Mr Charles Jones asked the Minister representing the Minister for Civil Aviation, on notice:

(1)   Was it stated in the Accident Investigation Report DC8-63 aircraft CF-CPQ and Boeing 727 aircraft VH-TJA at Sydney (Kingsford-Smith) Airport, New South Wales on 29th January 1971 in conclusion No. 7 on page 36 that the flight crew of TJA state that at the commencement of their take-off, they did not observe CF-CPQ on the runway as an obstruction, that nevertheless CF-CPQ was observed at a time when the take-off could have been abandoned with safety, and that the pilot-in-command of VH-TJA elected to continue the take-off and attempted to over-fly the obstructing aircraft.

(2)   If so, can the Minister state on what grounds the conclusion that the pilot-in-command of VH-TJA could have safely abandoned the takeoff was arrived at.

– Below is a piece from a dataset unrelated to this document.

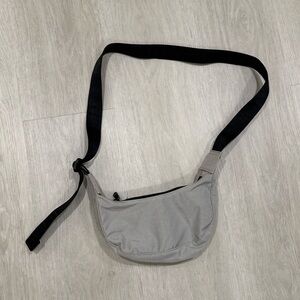 BAGGU Mini Crescent Nylon Bag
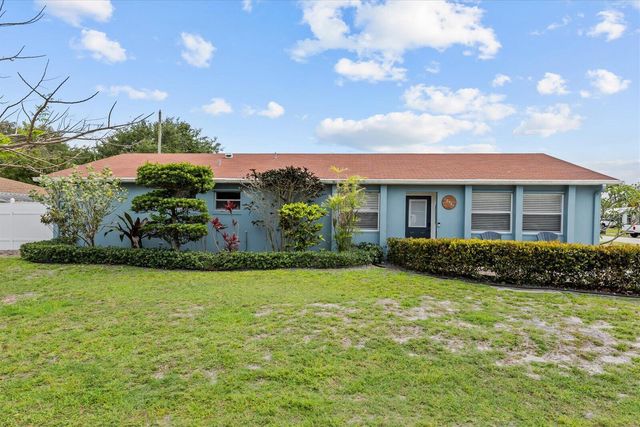 18945 SE Homewood Avenue, Tequesta, FL 33469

Mr Swartz - The Minister for Civil Aviation has provided the following answer to the honourable member's question:

(1)   Yes.

(2)   The final paragraph of section 2.1 on page 22 of the Accident Investigation Report described the basic performance calculations which led the Air Safety investigation Branch to conclude that the take-off could have been safely abandoned at least from the point where it has been established that the pilot-in-command of VH-TJA has already recognised the existence of an obstruction on the runway using the data produced under the supervision of the Federal Aviation Administration in the U.S.A. by the aircraft manufacture forther purpose of proving its performance capacity for certification purposes it has been calculated that, from the point on the runway where the Captain of VH- TJ A said 'How far ahead is he' the aircraft could have been brought it a halt at a point some 2,140 feet short of the position on the runway of the nose of CF-CPQ at the time of the collision. This calculation adopts reaction delays proposed by the manufacturer and accepted by F.A.A. as being valid for airline pilots. It also makes due allowance for the conditions of gross weight, air temperature, runway slope and headwind component experienced by VH-TJA on the night of this take-off. Nevertheless, at the time this type of aircraft received its certificate of approval, there was no F.A.A. requirements for evaluation of stopping distance on wet runways and so there is no basic data upon which an entirely reliable allowance for extension of the stopping distance under wet runway conditions could be made. Performance data under wet runway conditions is available however, in respect of the Boeing 727-200 series aircraft recently certificated in the' U.S.A. and for which our domestic airlines are currently seeking Government approval to introduce into this country towards the end of 1972. This data has been studied and. so far as the stopping performance of a Boeing 727-200 series aircraft can be considered relevant to the ability of VH-TJA to stop, if indicates that the extension of stopping distance under wet runway conditions would have been of the order of 1,250 ft. Thus it can be said with confidence that the calculation that the aircraft could have been stopped 2,140 ft short of the obstructing aircraft under dry runway conditions, contains more than an adequate margin to account for any extension of the stopping distance under wet runway conditions. These are the principal grounds on which it was concluded that the take-off could have been safely abandoned.